--- EXERCISE AIM ---
The whole listing below is to be copied exactly, with every picture left out.

--- PROVIDED DATA ---
___
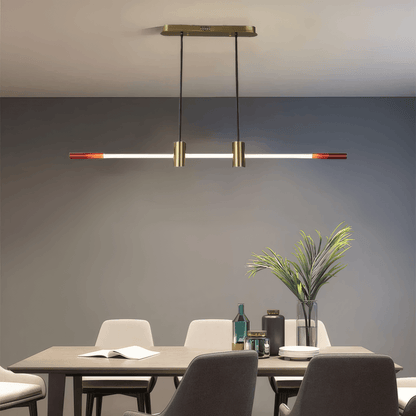 Modern Metal & Acrylic Pendant Light - Brown/Red Linear Design for Bedroom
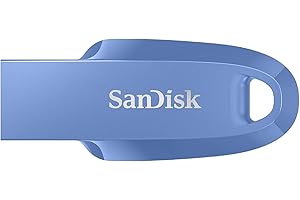 SanDisk Ultra Curve 3.2 Flash-Laufwerk 64 GB (bis zu 100 MB/s Lesen, RescuePRO Deluxe-Software, Schlüsselringöse) Blau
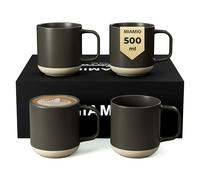 MIAMIO - Juego de 4 Tazas de Café/Tazas de Cerámica para Café (500 ml) | Juego de 4 Tazas de Café/Tazas de Cerámica para Café (500 ml), Capuchino, Latte Macchiato, Té, Expreso/- Colección Sierra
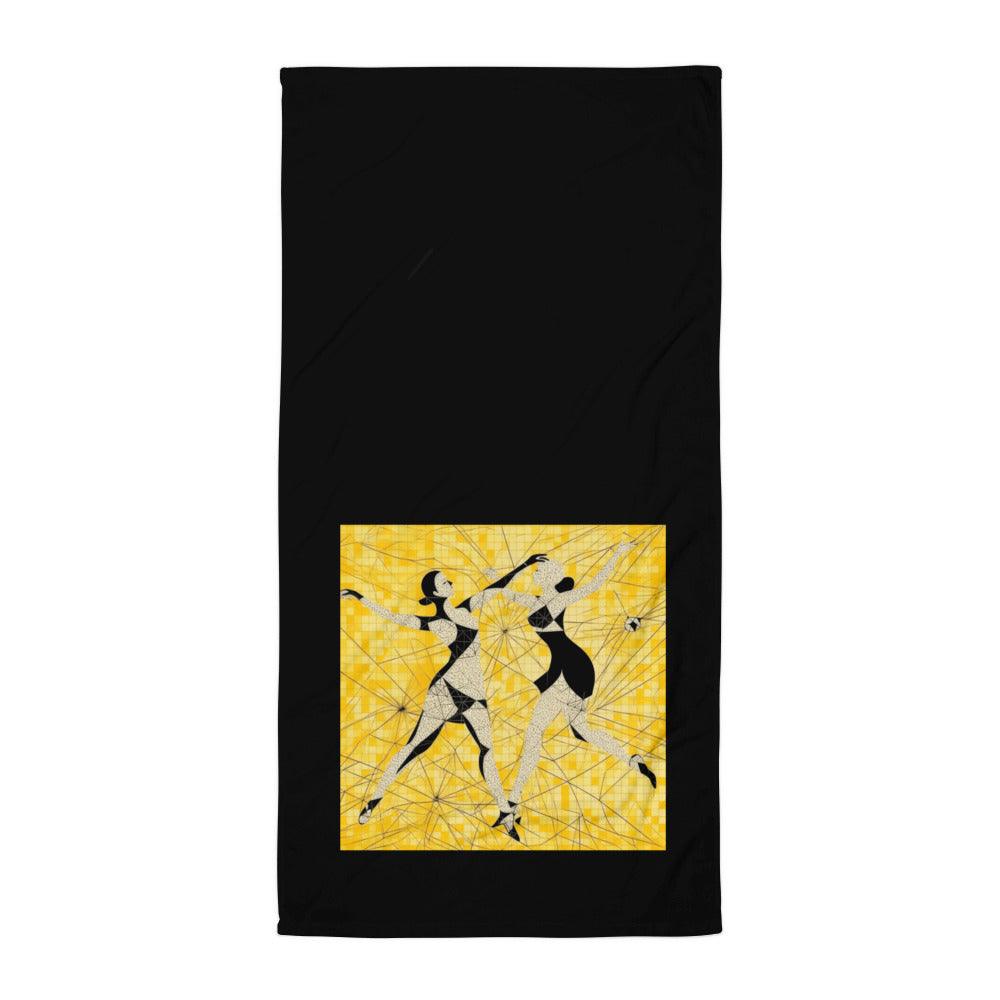 Dancer using an absorbent towel designed for athletic performances.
___
--- TASK OUTPUT ---
 Modern Metal & Acrylic Pendant Light - Brown/Red Linear Design for Bedroom
 SanDisk Ultra Curve 3.2 Flash-Laufwerk 64 GB (bis zu 100 MB/s Lesen, RescuePRO Deluxe-Software, Schlüsselringöse) Blau
 MIAMIO - Juego de 4 Tazas de Café/Tazas de Cerámica para Café (500 ml) | Juego de 4 Tazas de Café/Tazas de Cerámica para Café (500 ml), Capuchino, Latte Macchiato, Té, Expreso/- Colección Sierra
 Dancer using an absorbent towel designed for athletic performances.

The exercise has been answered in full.